The Spartans visit the islands on a two-game win streak, dominant road victories over the Lobos two weeks ago before a convincing win over the Utah State Aggies this past weekend. San Jose State’s performance in the series against Hawai’i has also been something of a hot streak with wins in the last three meetings, though the overall series is tied. 


Tale of the Tape – Fight for the Dick Tomey Trophy

The two programs enter the weekend intertwined in multiple ways, perhaps none bigger than former legendary football coach Dick Tomey. The old ball coach spent 10 seasons manning the ship for the Rainbow Warriors’ football program from 1977-86, compiling a record of 63-46-3 and returned for one season in 2011 to play the role of special teams’ coordinator for one of the greatest coaching staffs in UH program history. He is a member of the school’s Sports Circle of Honor. Tomey spent five seasons coaching SJSU, including a 9-win season in 2006 for the Spartans. 

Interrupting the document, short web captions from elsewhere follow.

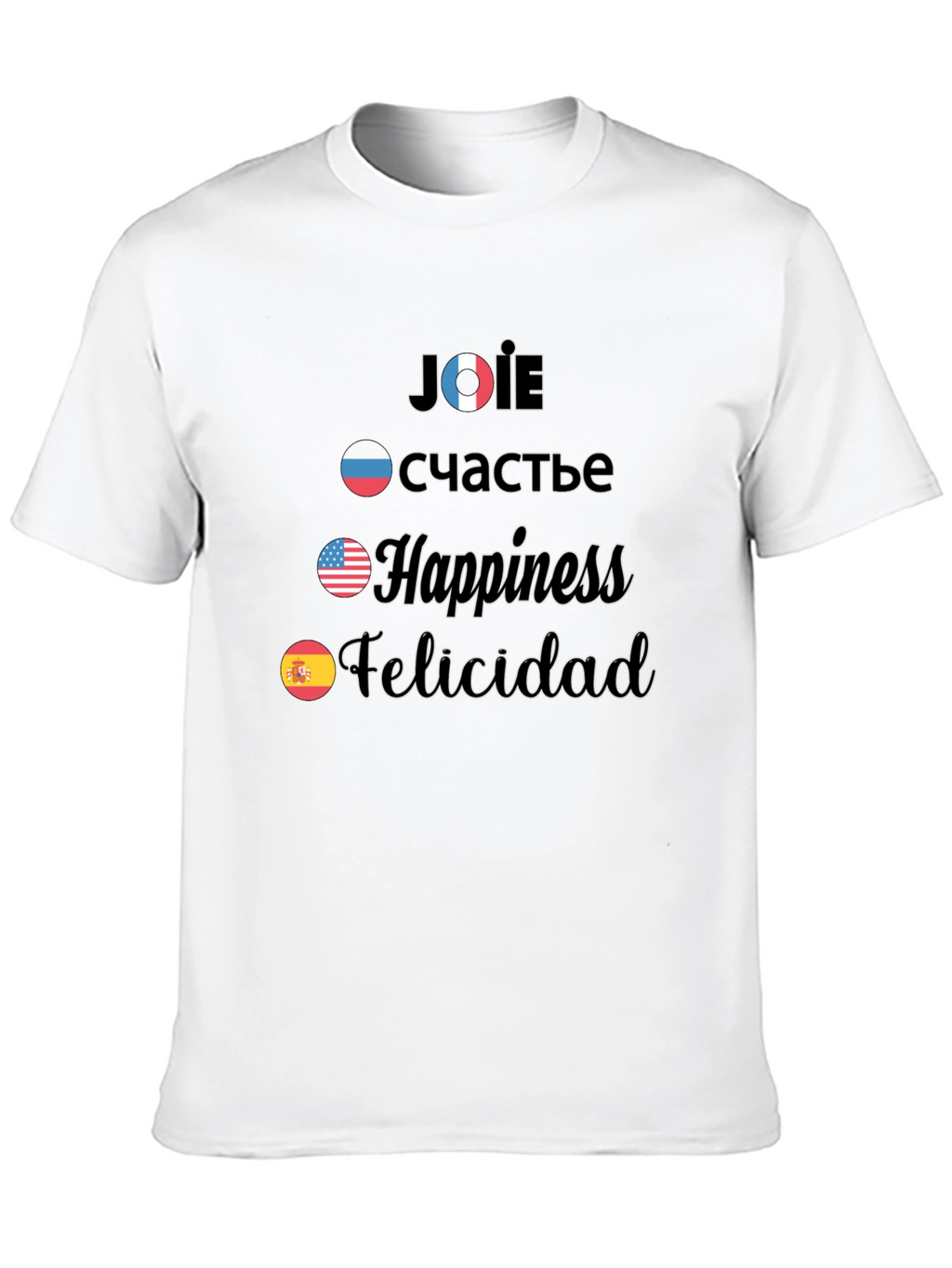 Multilingual Happiness T-Shirt - Joie счастье Felicidad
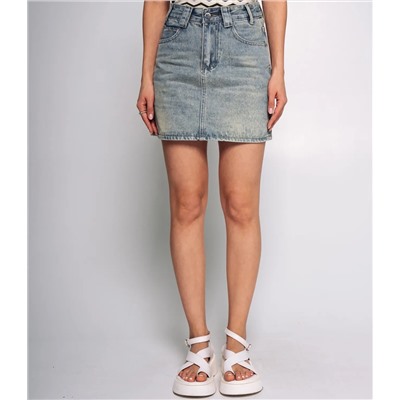 Джинсовая юбка #КТ9552, голубой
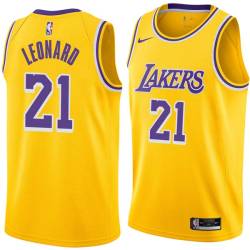 Gold Slick Leonard Twill Basketball Jersey -Lakers #21 Leonard Twill Jerseys, FREE SHIPPING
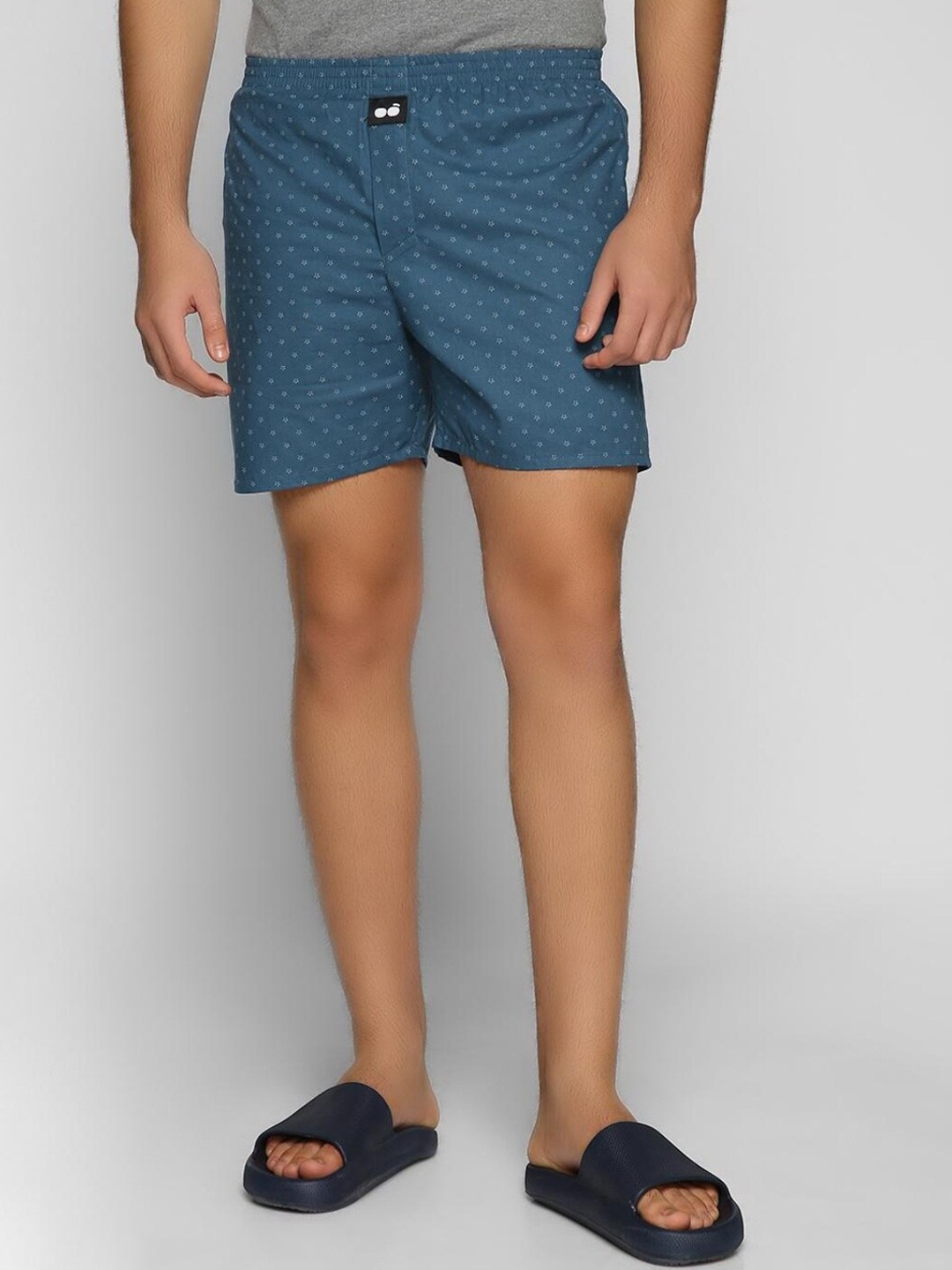 

Bewakoof Men Blue Printed Cotton Boxer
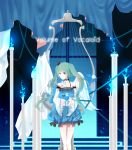  bad_id bare_shoulders blue blue_eyes blue_fire blue_flame bow detached_sleeves fire flower hair_bow hatsune_miku he_ji_(ryou) long_hair ribbon_choker short_dress single_wing standing taev twintails vocaloid wings 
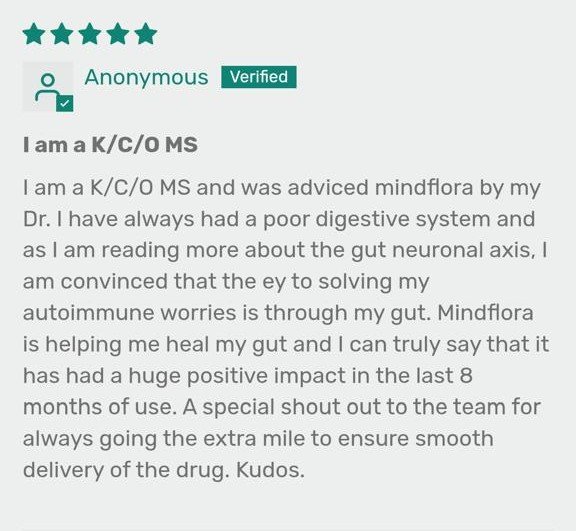 Customer is talking about how their well their digestive issues got treated using MindFlora.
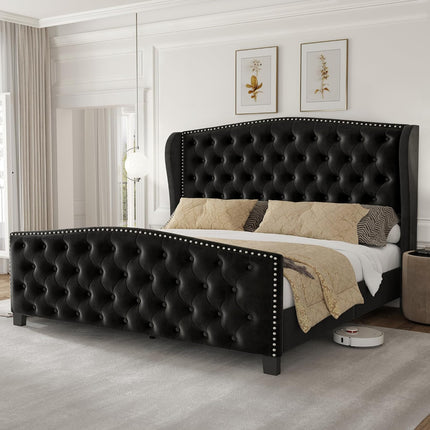 tufted wingback king bed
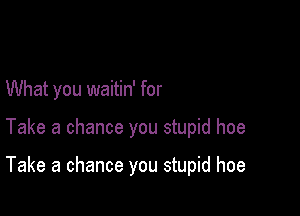 What you waitin' for

Take a chance you stupid hoe

Take a chance you stupid hoe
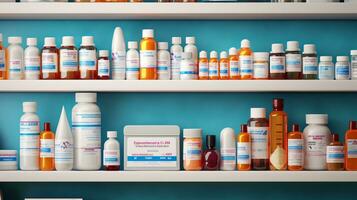 AI generated Pharmacy drugstore retail. Healthcare products, Medicine, Drugs, Vitamins, Wellness photo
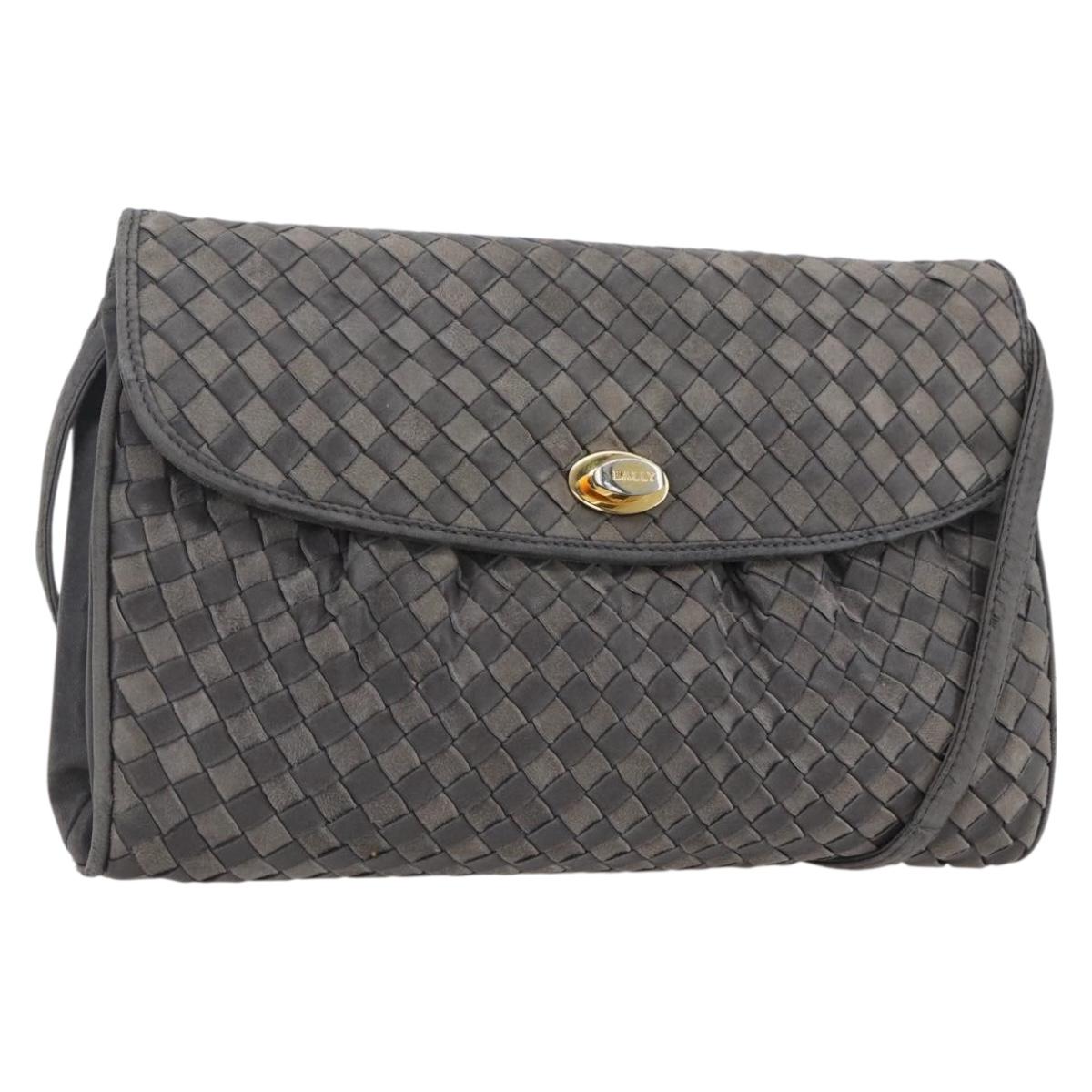 BALLY Shoulder Bag Leather Gray Gold Auth BA8439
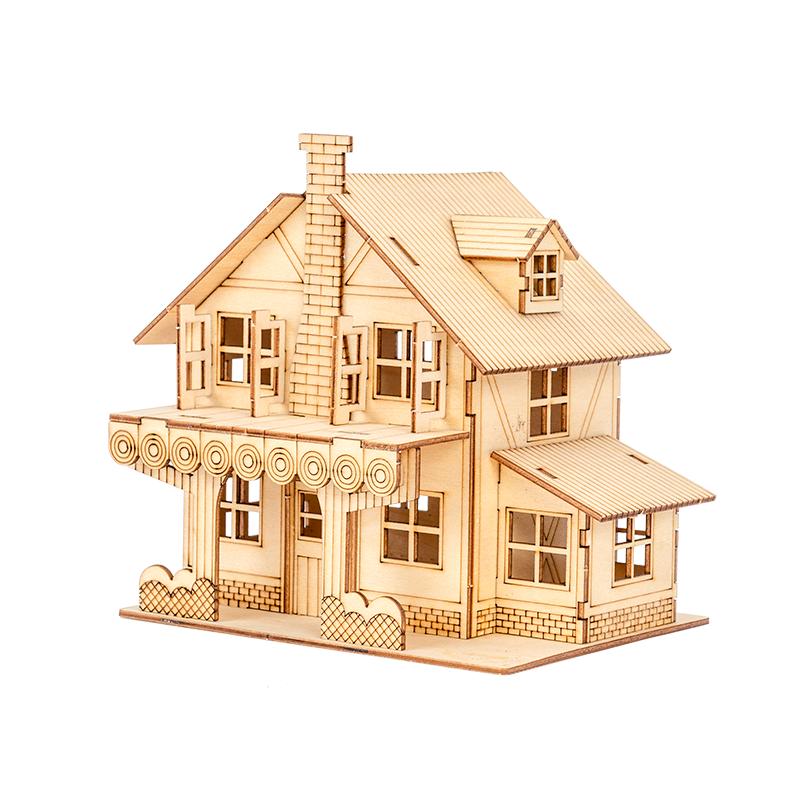 1:Casă Prefabricată din Lemn, Model Kit de Asamblare DIY, Constructor din Lemn, Materiale de Arhitectură, Scara 1:50
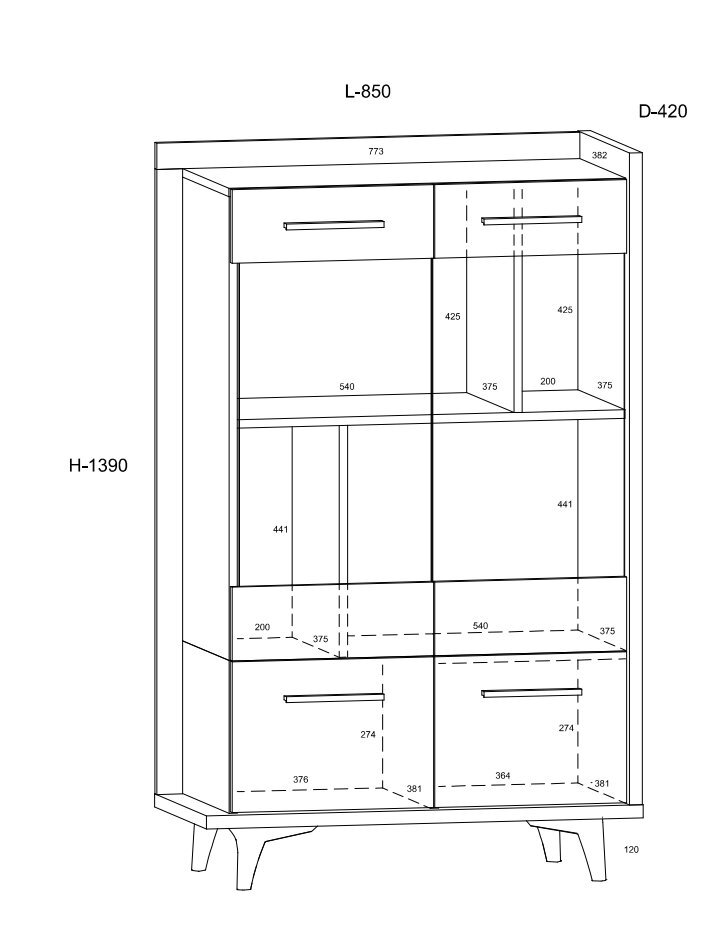 Vitriini Meblocross Box 12 2D, tummanruskea / valkoinen hinta ja tiedot | Vitriinit | hobbyhall.fi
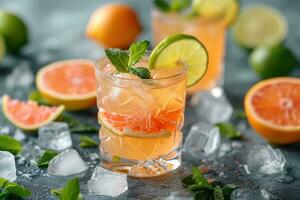 AI generated the citrus drink with lime slices and garnishes photo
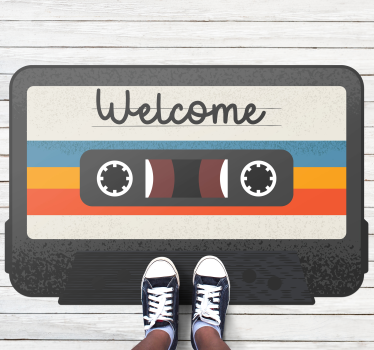Alfombra de vinilo con frase bienvenida casete - TenVinilo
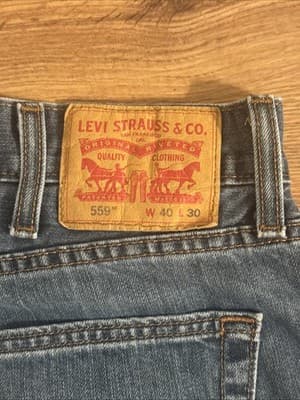 Levi’s 559 Relaxed Straight Jeans Men’s Blue Denim 40x30 - Thumbnail 4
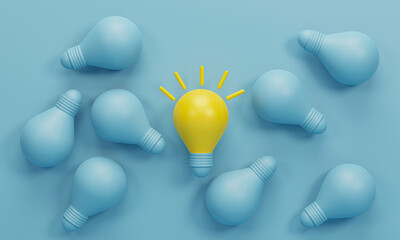 3d render 3d illustration. Yellow light bulb between the bulbs others on blue light background. Concepts of leadership, innovation, different creative idea and individuality.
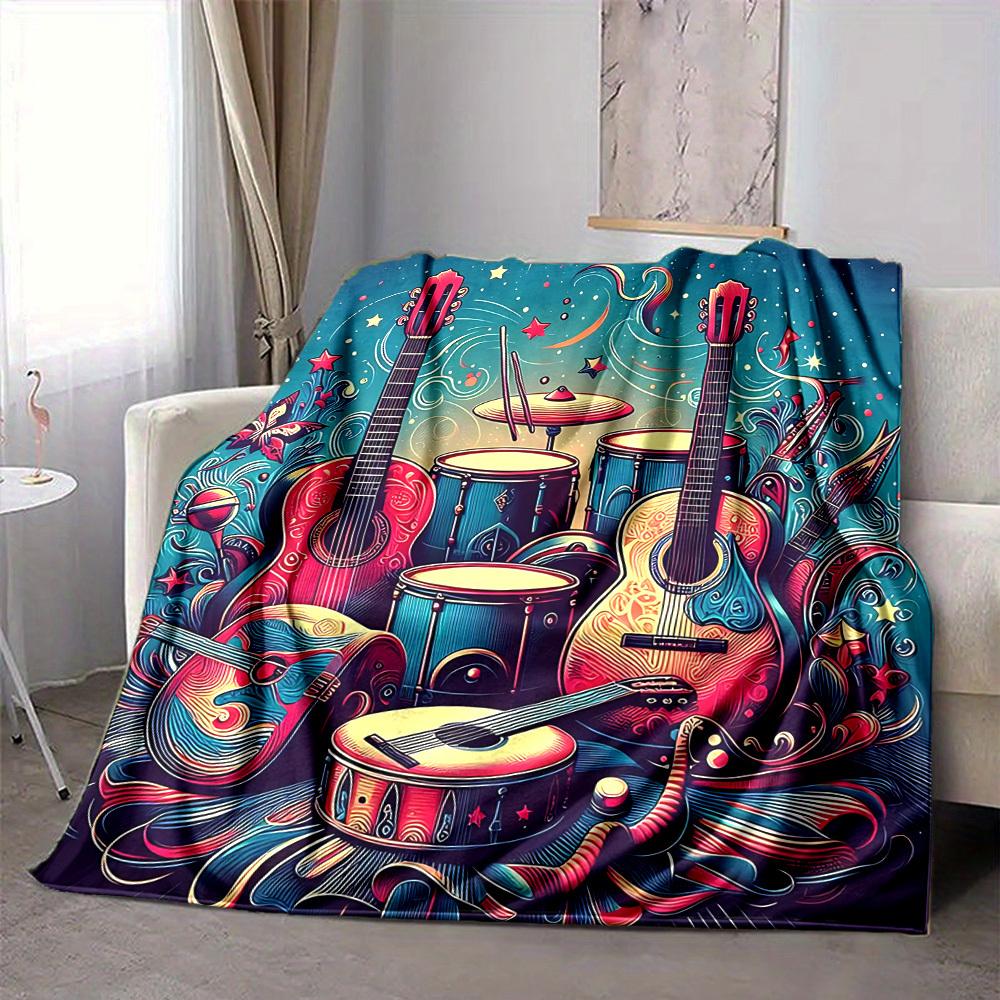 1pc Music Instruments Lightweight Flannel Blanket, Comfortable and Warm Blanket, for Office and Camping Sofa Bed, Livingroom133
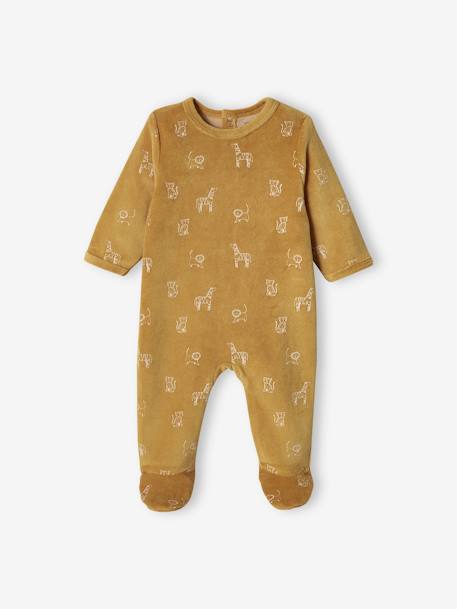 Pack of 2 Lion Sleepsuits in Velour for Baby Boys mustard - vertbaudet enfant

In his honor, the programs began to play for the “Dick Tomey Trophy” after his passing in 2019. San Jose State has been in possession of the trophy since 2020 with three consecutive wins in the series and two in a row in Honolulu. The Spartans actually lead the series in the islands all-time, 15-13, while the ‘Bows hold the historical advantage in San José, 9-7-1. Overall, a perfectly even 22-22-1 since the first meeting in 1936 between the two schools. 

The connections continue to the most critical position on the field, as the signal caller for SJSU has a history with UH as well. In fact, Cordeiro, the former Saint Louis School (HI) quarterback, is experiencing a homecoming of his own as the local boy that starred as the Rainbow Warriors’ QB in 23 games from 2018-21 comes back to the island as the “enemy” for the first time. 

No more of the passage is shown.